Between 1985 and 2003, $2 billion was spent on 35,000 students in the Kansas City Public Schools to attract more white students to the urban district. Courts had concluded that the constitution was being violated by not doing enough to retain and attract white students. Those good intentions pretty much resulted in a blank check that funded failed efforts to desegregate schools and improve education. Test scores continued to decline even after huge sums were spent, and today the district remains almost entirely segregated.
Now, Kansas taxpayers are being asked by the state Supreme Court to substantially increase spending for schools, which the court has declared are way underfunded. Republican-selected experts recommended in a recent study that the state spend up to $2 billion more, phased in over five years, to be shared among not one district like Kansas City, but in 286 districts with their half-million students. The experts posit that such an increase would result in stellar student achievement and sky-high graduation rates.

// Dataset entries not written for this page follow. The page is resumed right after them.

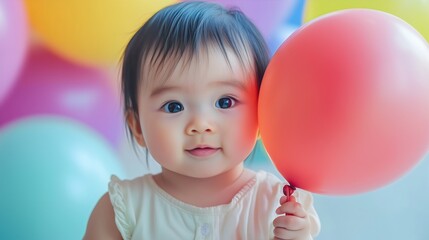Portrait of a cute sweet young Asian girl toddler holding a helium balloon at a birthday surprise party Female Chinese or Japanese or Korean preschooler kid Event decoration Childhood happiness 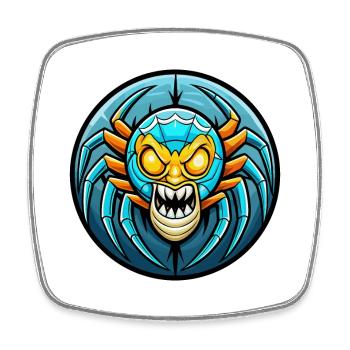 araignée coloré Kawaii personnage de dessin animé Clipart - Magnet carré - blanc - Devant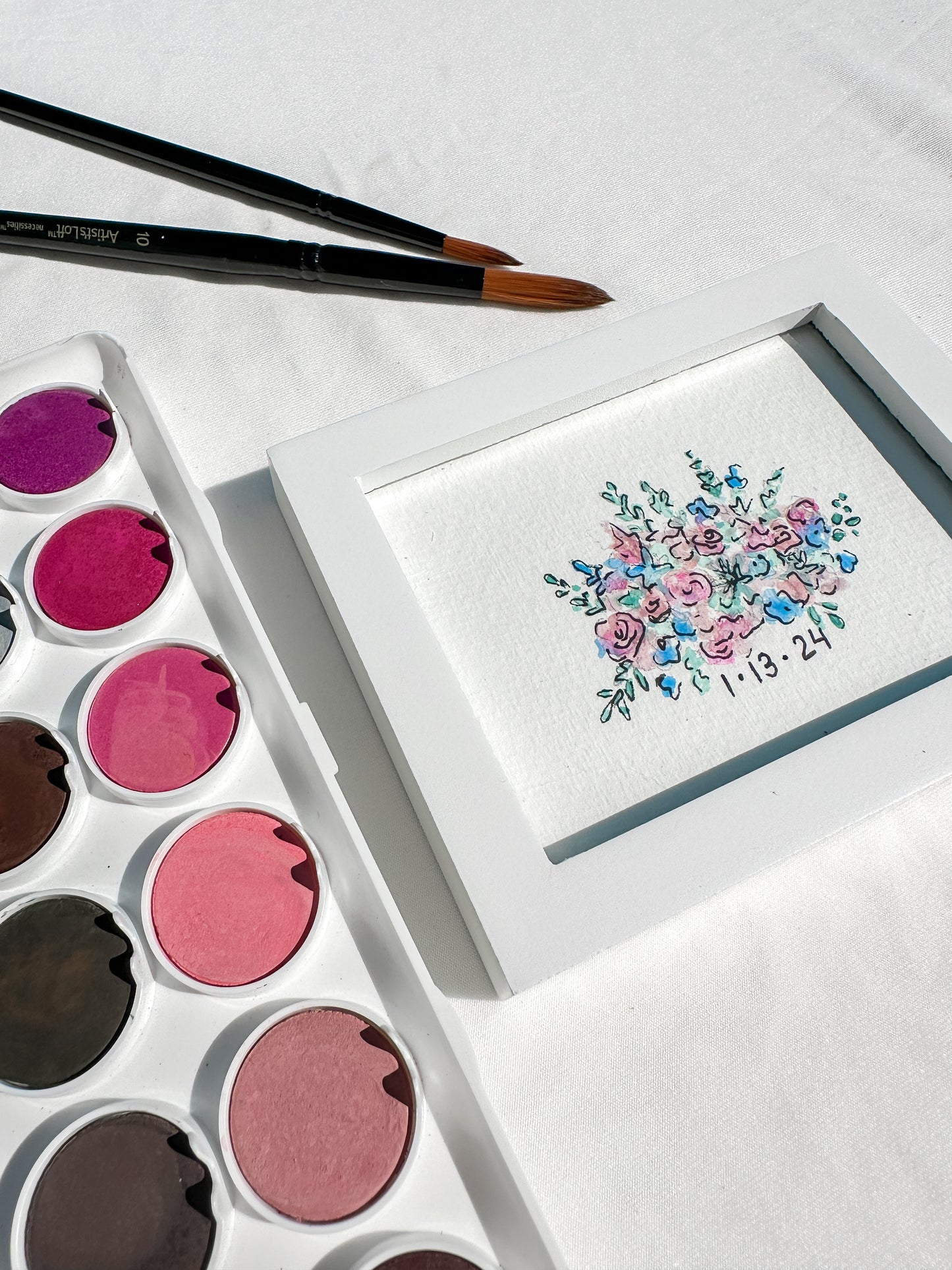 Watercolor Hand-painted Bridal Bouquets | Customizable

Skeptics are bound to make a false comparison between the $2 billion spent in Kansas City and the additional $2 billion proposal for Kansas, which also promises tremendous results. “See?” critics proclaim. Kansas City’s experience proves more money buys you nothing but inefficiency with sad outcomes. But the comparison does not hold up.
If we know one thing about the Kansas City experiment, it is that huge sums were squandered on fruitless efforts to achieve desegregation. Improving basic education skills was never the priority.
In Kansas, additional funding will be earmarked for achievement only. Experts usually recommend hiring more teachers, increasing their salaries to attract the best and brightest, and expanding programming, paying attention to students with special needs, including those who may not speak English as their primary language.
The most profound decision in Kansas City — made by outsiders, over the loud protests of parents in the district — was to abandon the neighborhood school concept. Magnet schools replaced neighborhood schools in this harebrained spectacle. Each high school and middle school, and half the elementary schools, were supposed to be themed. Many of the themes of these magnet schools were laughably preposterous.
There was some good that came of the lavish spending in Kansas City, including the much-needed construction of 15 new schools. Most school buildings in the district were in deplorable condition. But inside those walls, misspending was rampant: an Olympic-sized pool with an underwater observation room, racquetball courts, an indoor track. If these amenities did happen to tantalize a very small number of white kids who lived in suburbs far from the district, taxi service was provided. There was not enough demand to warrant buses.
Meanwhile, the result of the district spending more per student than any other district in America at the time was a central staff that mushroomed to 600 administrators — one per 60 students. Teacher salaries were increased, but nothing was done to remove incompetent teachers (a reform needed in Kansas, as well). Clearly, money was grossly mismanaged, and there was little viable leadership.
Kansas City’s failure is held up as a poster child for wasteful spending on schools, with no academic improvement to show for it. But it proves no such thing. The money lavished on that district was geared mostly to attract droves of suburban kids to return. Its main focus was never improvement in scholarship (or even basic proficiency).
Kansas would have an entirely different mission: to achieve excellence in education statewide. The ultimate price tag may not be nearly as high as $2 billion, but it will take a significant number to overcome the gross underfunding of schools over the past 25 years.
If the high court approves the Legislature’s proposal — the deadline is April 30 — it will be up to elected local school boards, top-notch teachers and worthy administrators, with oversight from Topeka, to make certain the additional funding is not squandered and that true statewide educational excellence is ultimately achieved.